Zeitenwende in der Umweltpolitik, Konzentration auf Wirtschaftswachstum und Klimaschutz


„Die geplante Verschärfung der europäischen Chemikalienpolitik kommt definitiv nicht“, dies bestätigte der für den Green Deal zuständige Geschäftsführende Vizepräsident der Europäischen Kommission, Maros Sefcovic, dem umweltpolitischen Sprecher der größten Fraktion im Europäischen Parlament (EVP-Christdemokraten), Peter Liese. Liese hatte sich gemeinsam mit vielen Parteifreunden in den letzten Monaten entsprechend eingesetzt. Im Gegensatz dazu hatten Grüne, Sozialdemokraten und Linke und die Mehrheit der Liberalen auf entsprechende Verschärfung bestanden. „Ich freue mich sehr über diese Klarstellung des zuständigen Vizepräsidenten der Europäischen Kommission. Die chemische Industrie und die Industrie insgesamt steht vor riesigen Herausforderungen. In Deutschland herrscht sogar Rezession und viele Investitionen werden außerhalb Europas getätigt. Daher müssen wir uns jetzt wirklich auf das Wesentliche konzentrieren und das Wesentliche ist die Bekämpfung der Wirtschaftskrise und die Energiewende.

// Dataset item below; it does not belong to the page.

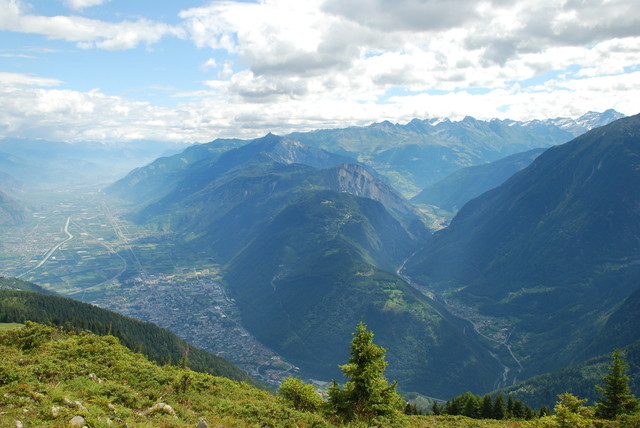Vallée du Rhône et route vers Verbier depuis le Mont de l'Arpille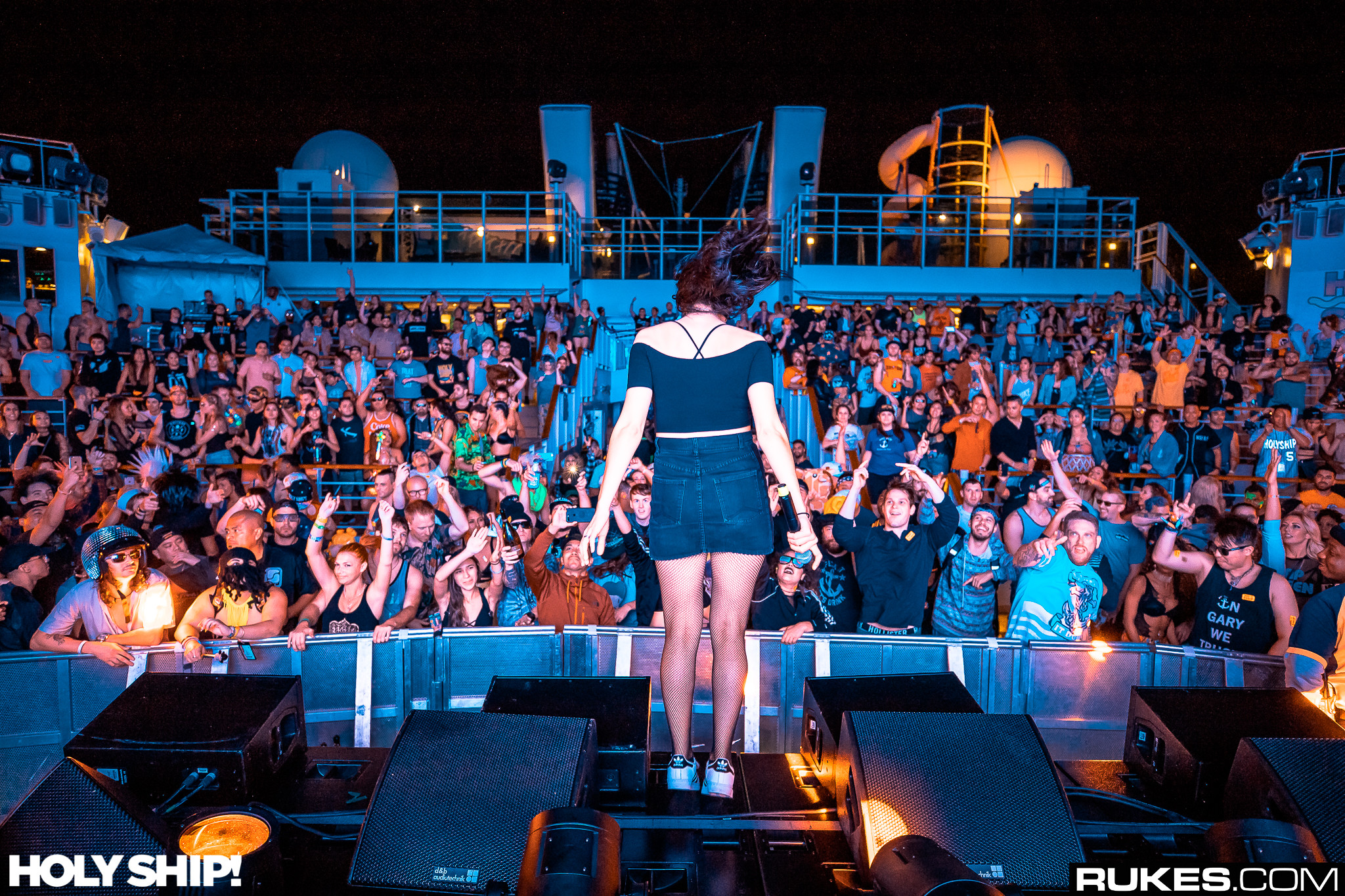 holyship17a 045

Viele Unternehmen, auch in der chemischen Industrie, haben sich auf den Weg gemacht und ihre eigene Strategie für Klimaneutralität vorgelegt. Die Klimaziele der Europäischen Union bleiben weiter richtig und wichtig aber da man das Geld nur einmal ausgeben kann und auch die Fachkräfte in diesem Bereich sehr rar sind, kann man nicht alles gleichzeitig machen. Teilweise widersprechen Verbote von Chemikalien sogar dem Klimaschutz, weil man für die Energiewende zum Beispiel für die Herstellung von Wasserstoff Chemikalien braucht die einige, wie Umweltministerin Steffi Lemke gerne verbieten wollen“, so der Umwelt- und Gesundheitspolitiker Liese.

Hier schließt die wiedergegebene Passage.